Daily Express روزنامہ ایکسپریس
- Type: Daily newspaper
- Format: Broadsheet
- Owner: Lakson Group
- Publisher: Century Publications
- Founded: 3 September 1998
- Language: Urdu
- Headquarters: Karachi, Pakistan
- Sister newspapers: The Express Tribune
- Website: express.com.pk

= Daily Express (Urdu newspaper) =

Urdu-language Pakistani news publication

The Daily Express (روزنامہ ایکسپریس) is a Pakistani Urdu-language newspaper owned by Lakson Group.

It is published simultaneously from Islamabad, Karachi, Lahore, Peshawar, Quetta, Multan, Faisalabad, Gujranwala, Sargodha, Rahim Yar Khan and Sukkar.

==History==
Lakson Group launched Daily Express in 1998 with a novel approach to newspaper distribution in Pakistan, headquartered in Lahore instead of the conventional hub, Karachi. This decision was underpinned by an assertion that Punjab province, with Lahore as its capital, housed more Urdu newspaper readers than Karachi. This hypothesis proved accurate as the Daily Express quickly amassed a receptive readership in the region.

The publication's innovative approach continued with the decision to distribute not only from major metropolitan areas such as Karachi, Lahore, Rawalpindi, and Islamabad, but also from secondary cities in Punjab, including Multan, Sargodha, Gujranwala, Faisalabad, and Rahim Yar Khan. This move resonated with readers in these areas who favored locally focused news over content from more remote cities.
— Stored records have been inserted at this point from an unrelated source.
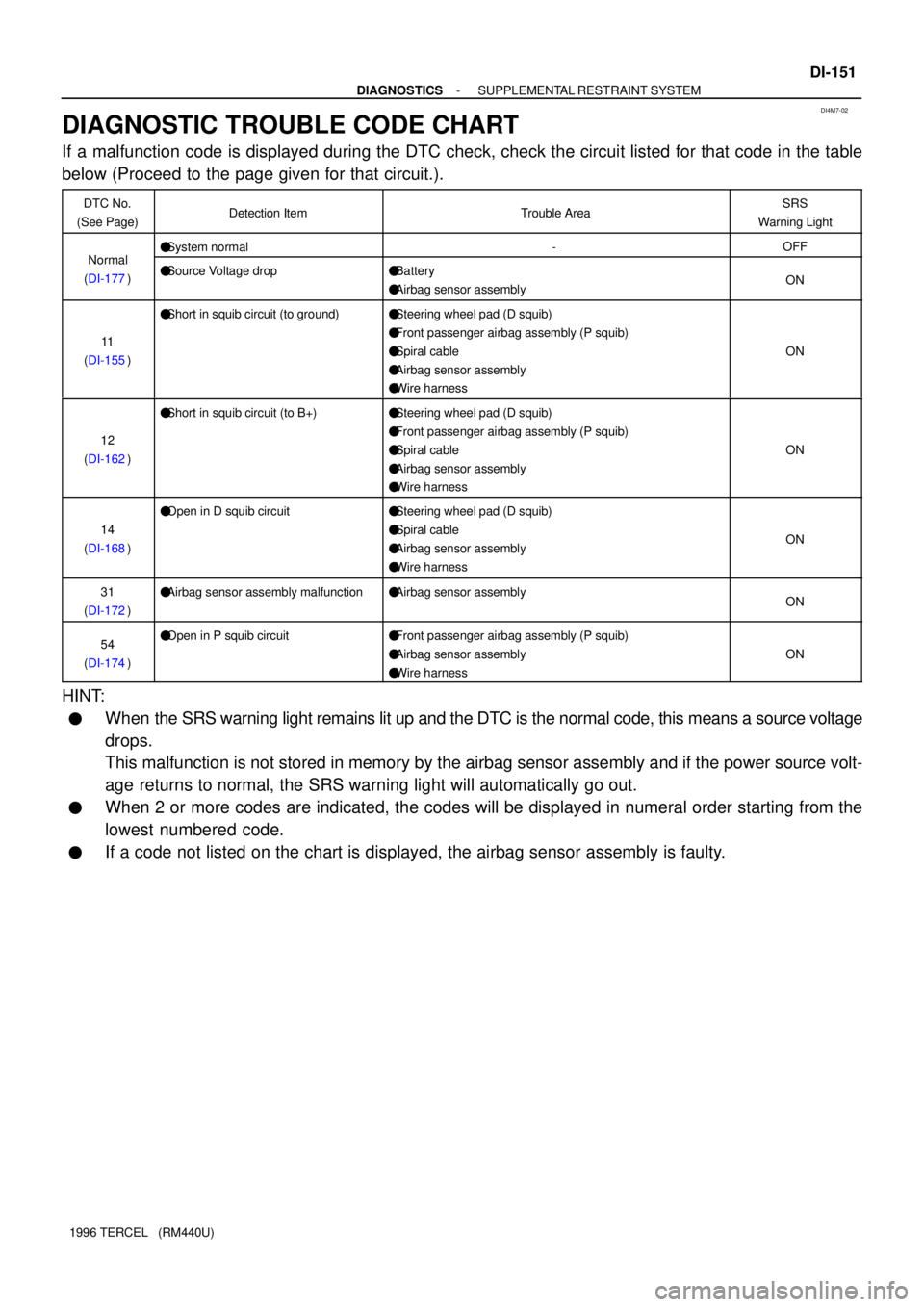 TOYOTA TERCEL 1996 Service Repair Manual DI4M7-02
- DIAGNOSTICSSUPPLEMENTAL RESTRAINT SYSTEM
DI-151
1996 TERCEL (RM440U)
DIAGNOSTIC TROUBLE CODE CHART
If a malfunction code is displayed during the DTC check, check the circuit listed for th TOYOTA TERCEL 1996 Service Repair Manual DI4M7-02
- DIAGNOSTICSSUPPLEMENTAL RESTRAINT SYSTEM
DI-151
1996 TERCEL (RM440U)
DIAGNOSTIC TROUBLE CODE CHART
If a malfunction code is displayed during the DTC check, check the circuit listed for th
The Daily Express also adopted a strategy of offering competitive salaries to columnists with substantial established readerships. As a result, many influential columnists transitioned from established newspapers such as Daily Jang and Nawa-i-Waqt, bringing their loyal readers along with them.

The timing of the Daily Expresss launch was fortuitous, aligning with a dispute between the Jang Group, Pakistan's oldest and largest newspaper group, and then Prime Minister Nawaz Sharif's government in the late 1990s. This led to financial and other constraints on the Daily Jang, which, in turn, provided an opening for the Daily Express to gain substantial readership, particularly in Punjab.

==Editorial policy==
The Daily Expresss editorial policy is marked by a centrist, market-friendly approach, blending entertainment with current affairs. It holds a conservative political and social standpoint and an accommodating perspective towards security and intelligence agencies. These elements occasionally lead to internal censorship of content in both the Daily Express and its sister publication, The Express Tribune, under the direct oversight of Sultan Ali Lakhani. This measure is taken to avoid conflicts with the powers-that-be and the religious establishment.